ADJOURNMENT | INDUSTRIAL SITE FIRES
Mr Melhem (Western Metropolitan): My adjournment matter is directed to the Minister for Energy, Environment and Climate Change, the Honourable Lily D’Ambrosio, MLA, in the other place. I note the recent fires that have occurred across Melbourne’s suburbs at industrial sites in Footscray West in August last year and Campbellfield in April this year. It is concerning to see that in both the case of Campbellfield and that of Footscray West the owners of these premises look to have illegally stockpiled dangerous chemicals against existing regulations and licenses. The West Footscray fire in my electorate particularly had severe ramifications for nearby Stony Creek and surrounding parklands, with water from firefighting efforts discharged into the creek. The north-west and western suburbs have seen an increase in industrial-residential mixed suburbs areas that have evolved due to the urbanisation of previous manufacturing hubs in inner city areas.
Given this dramatic change in suburban living, this government has a responsibility to take adequate steps to ensure that people can feel safe living in these areas and are not at risk of potential exposure to dangerous chemicals.

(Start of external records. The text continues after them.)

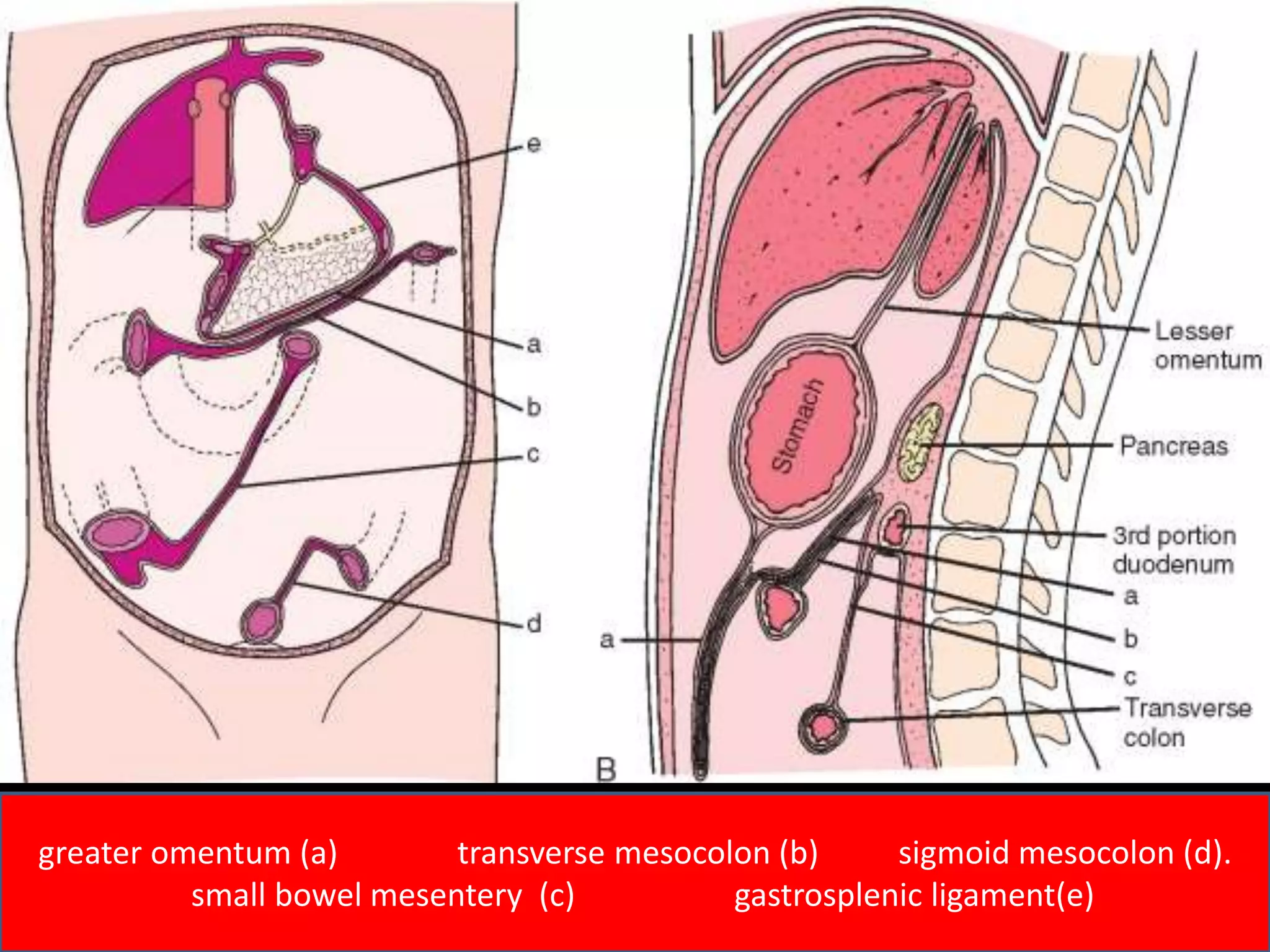 greater omentum (a) transverse mesocolon (b) sigmoid mesocolon (d).
small bowel mesentery (c) gastrosplenic ligament(e)
 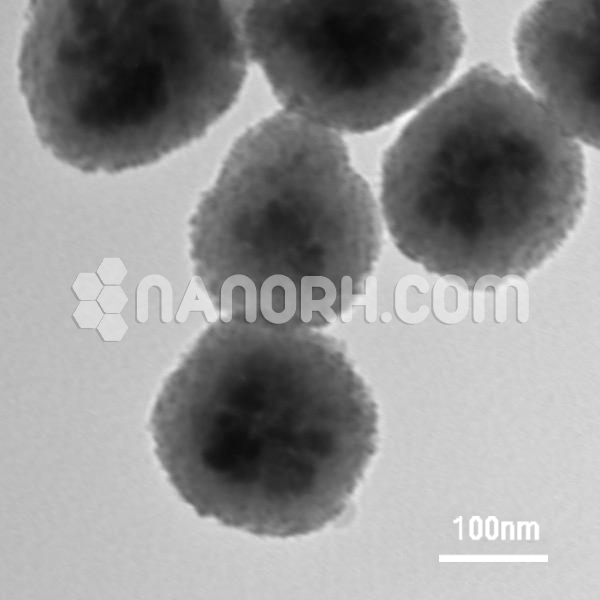 Iron Oxide Polyvinyl (4 Pyridine) Core Shell Nanoparticles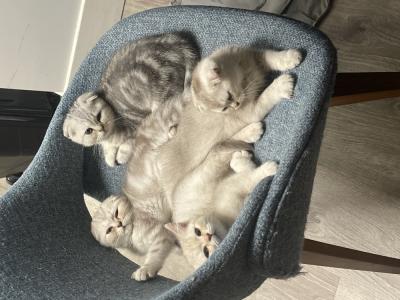 Mike - Cat Breeder - Prior Lake, MN, US Mike - Cat Breeder - Prior Lake, MN, US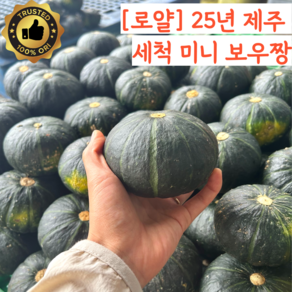 [품질보장] 25년 국내산 제주 햇 미니 단호박 밤호박 밤단호박 보우짱 세척, 1개, 못난이 단호박 3kg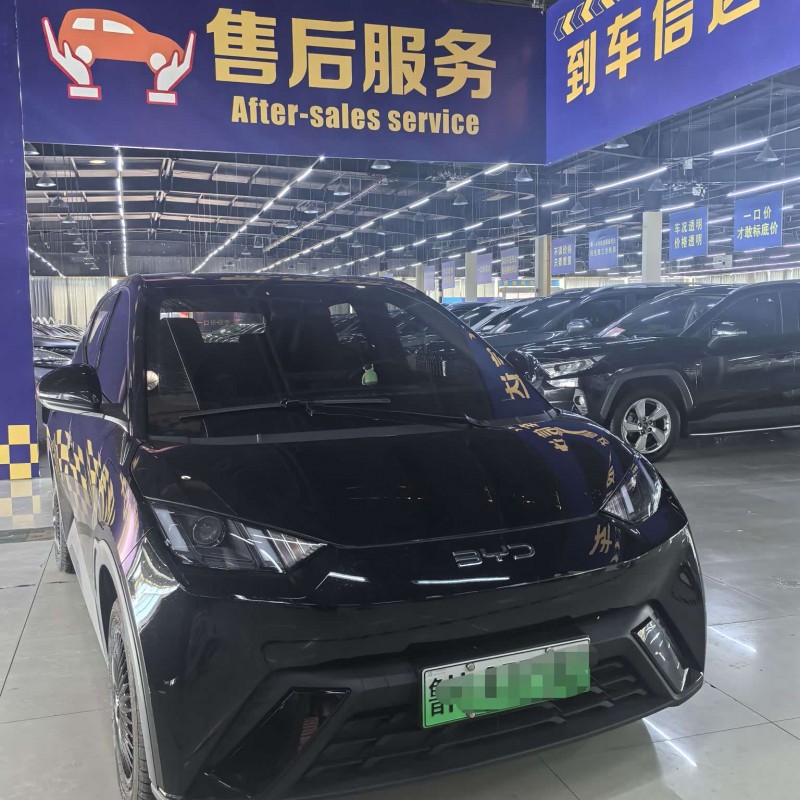 Seagull 2024 Glory Edition 305km Vitality Edition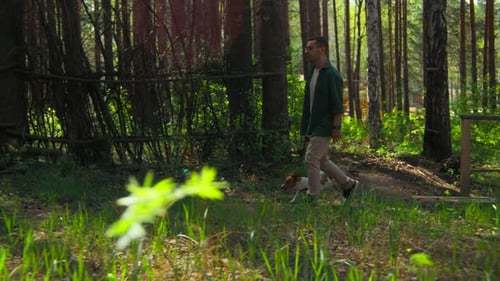 Parque verde de verano con un hombre y un perro que pasean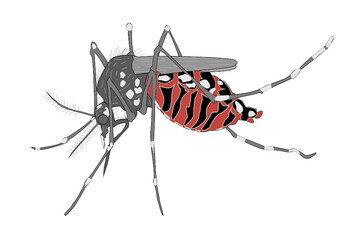 Aedes mosquito on a white background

I welcome the changes that were made to the Environment Protection Act, passed in August 2018, that are due to take effect next year. Some of them will take effect now. I also welcome the significant increase in EPA inspections conducted since the West Footscray fire—2225 inspections in the last financial year alone. The strong response to illegal waste crimes and the increase in inspections is exactly what needs to happen to make our suburbs safe.

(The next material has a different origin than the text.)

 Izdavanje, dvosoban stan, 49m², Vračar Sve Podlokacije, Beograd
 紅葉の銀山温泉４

The action I seek from the minister is that the government continue to support and strengthen the regulations and regulators that oversee the management of chemical and industrial waste in residential and industrial areas, and apply the full force of the law against the people who actually continue to breach the current laws. They think they can get away with it. I hope that the minister will basically go there and instruct the agencies—like the Environment Protection Authority Victoria and others—to come down like a ton of bricks on these people and make sure that that does not continue to occur in our suburbs, because our residents are entitled to feel safe in their homes.